If you’re an executor in one of these states, you’re not likely to be dealing with a statutory will. Because the wills offer very little flexibility, few people use them.
The idea behind a statutory will is a good one: provide a simple will that people can prepare themselves, without going to a lawyer. Unfortunately, the wills are so simple, and so inflexible, that they just don’t work for very many people. After a few states adopted them, it became obvious that they weren’t particularly useful, and other states declined to follow suit.

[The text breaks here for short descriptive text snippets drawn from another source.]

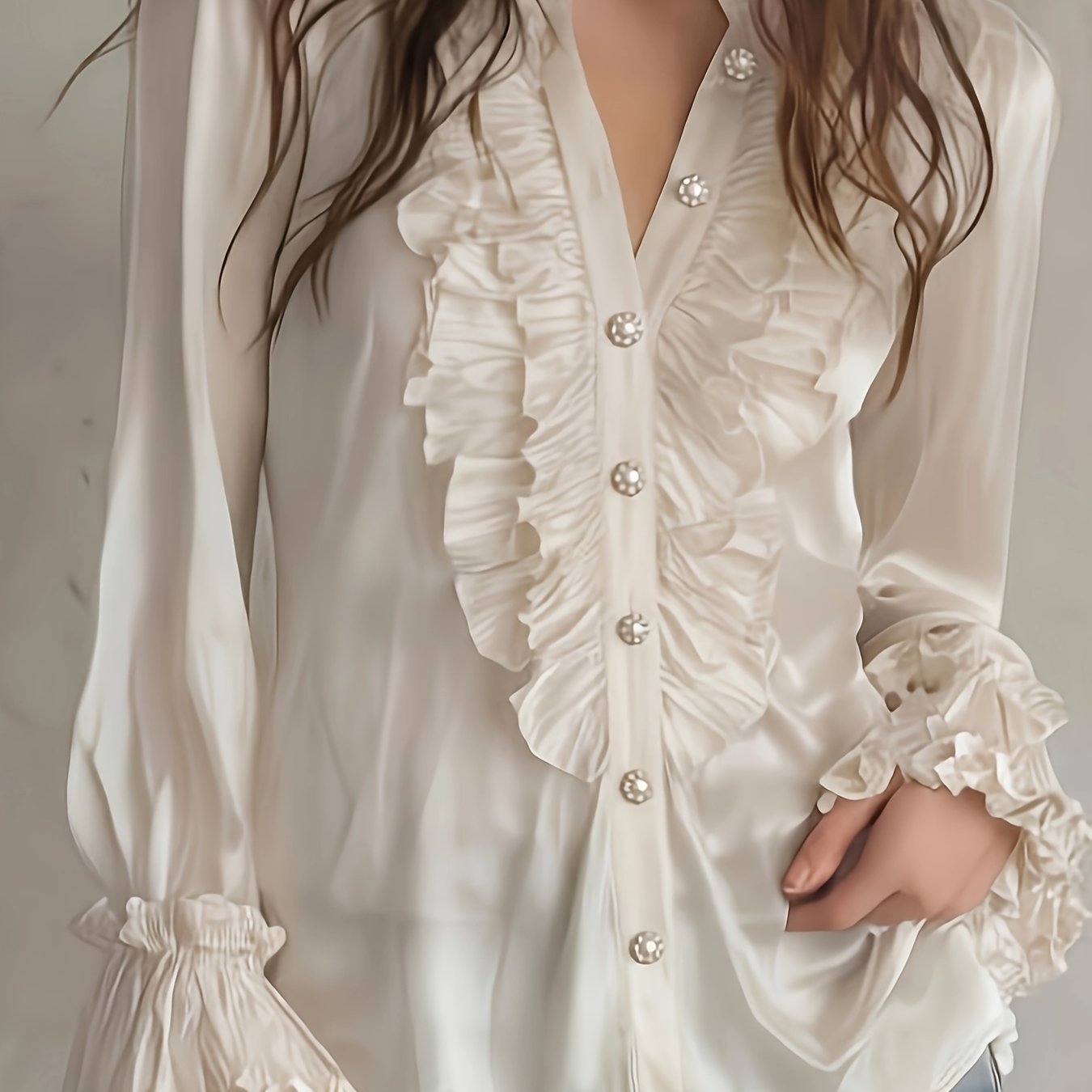 TEMU Women's Vintage Solid Color Satin Shirt With Ruffle V-neck And Lantern Sleeves, Loose Fit For A Casual And Effortless Look, Suitable For Mature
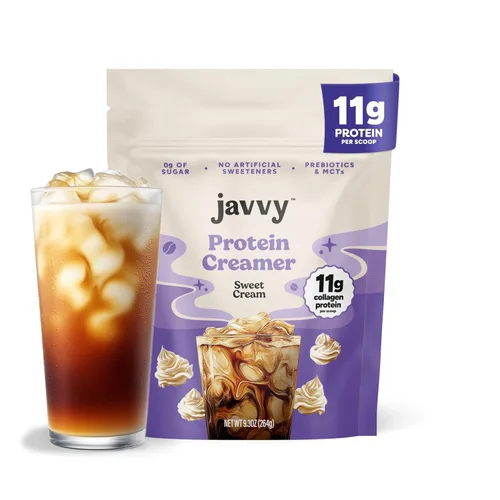 Miniatura 13 de Javvy Crema proteica para café, crema sin azúcar con 0.43 onzas de colágeno, aceite MCT, crema de café keto en polvo para el cabello, la piel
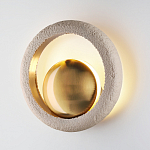 Бра с бежевым текстурным кольцом и латунным шаром в центре Tactile  варинант исполнения - 3 | Loft Concept в Санкт-петербурге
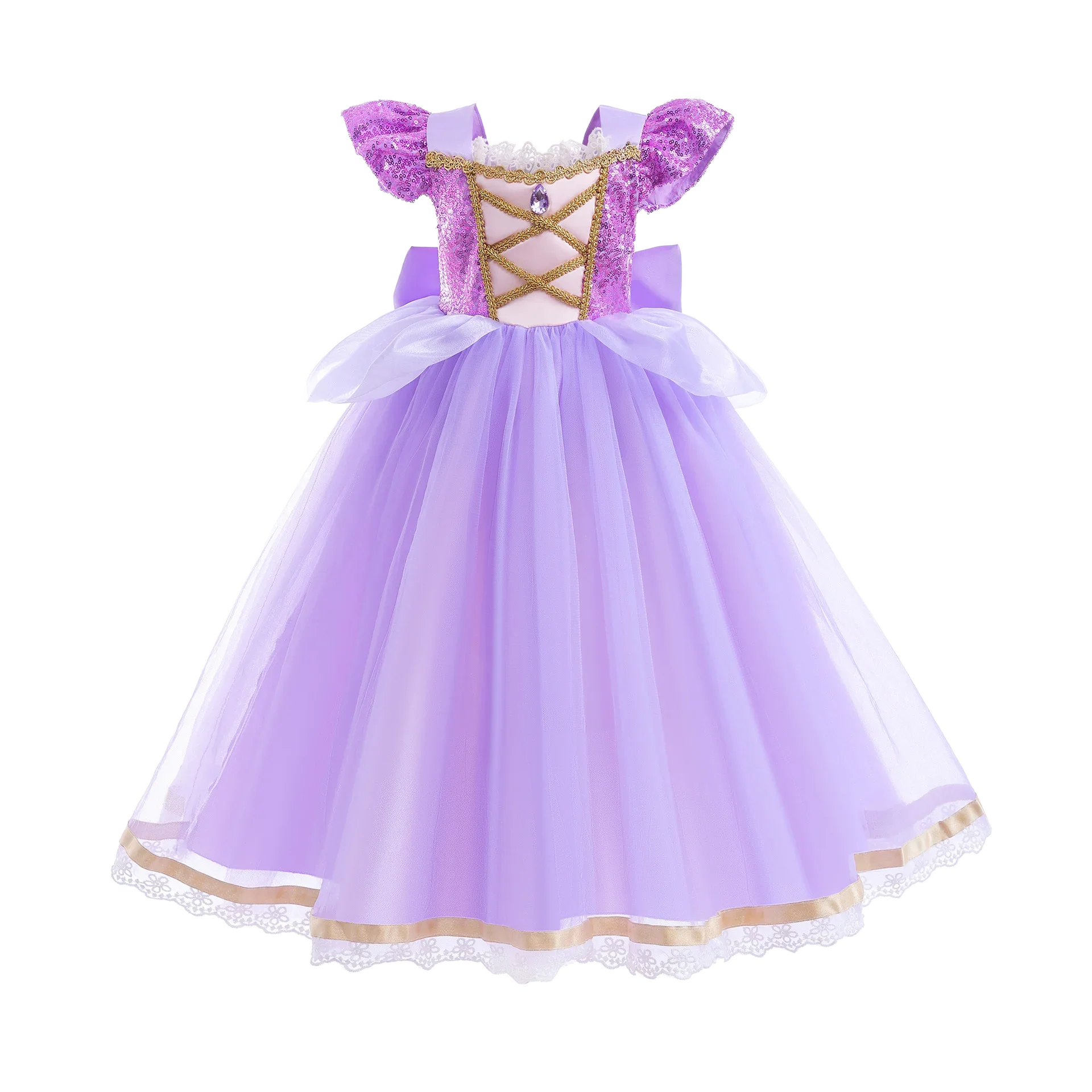 Robe Princesse Fille Déguisement Elsa Anna Ariel – Costume Carnaval Halloween Fête Cosplay Enfant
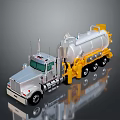 Silver And Yellow Utility Truck With Large Storage Tank For Industrial Transportation Use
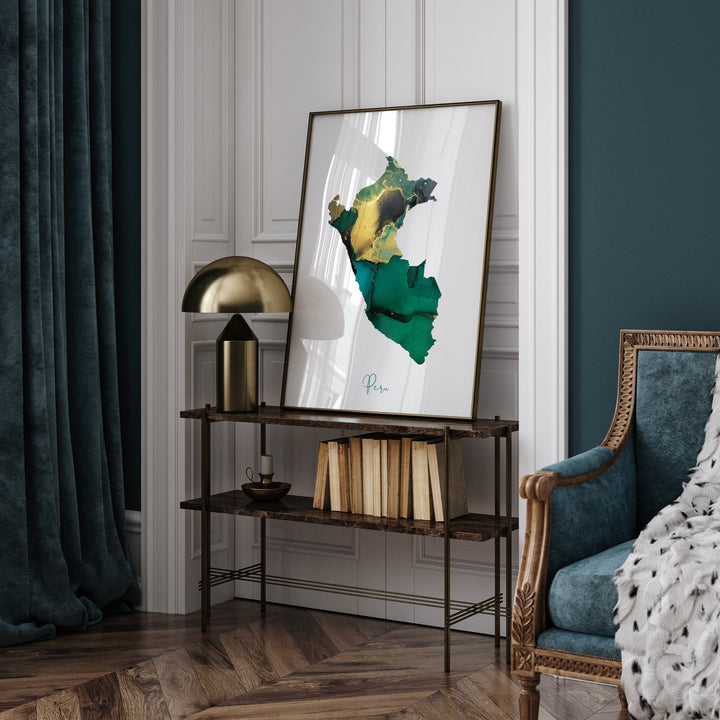 Peru Map Emerald Green and Gold Wall Art Print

A typical statutory will assumes that the will-maker wants to leave everything to his or her spouse (or domestic partner) or children. The forms do allow the will-maker to leave gifts to other beneficiaries. For example, the Wisconsin form includes this clause:
"2.1. PERSONAL, RECREATIONAL AND HOUSEHOLD ITEMS. Except as provided in paragraph 2.2, I give all my furniture, furnishings, household items, recreational equipment, personal automobiles and personal effects to my spouse, if living; otherwise they shall be divided equally among my children who survive me." [Paragraph 2.2 lets the will-maker leave some gifts of specific items or amounts of money to others.]
Similarly, the Maine statutory will starts with the presumption that real estate will to go the will-maker’s spouse or children unless the will-maker says otherwise:
"2.1. REAL PROPERTY. I give all my real property to my spouse, if living; otherwise it shall be equally divided among my children who survive me; except as specifically provided below:"
The wills also let the will-maker name a guardian to raise young children if necessary and name an executor (personal representative) to handle the estate.
Conducting a probate proceeding for someone who used a statutory will shouldn’t be any different from conducting any other probate. Like any other will, to be valid, a statutory will must be signed by two adult witnesses who don’t stand to inherit under the will. The wills come with signing instructions.
Usually, a statutory will is valid if the blanks are filled in with a typewriter, on a computer, or in the will-maker’s handwriting. If a section is left blank, in most cases that’s okay, too—it doesn’t invalidate any other part of the will.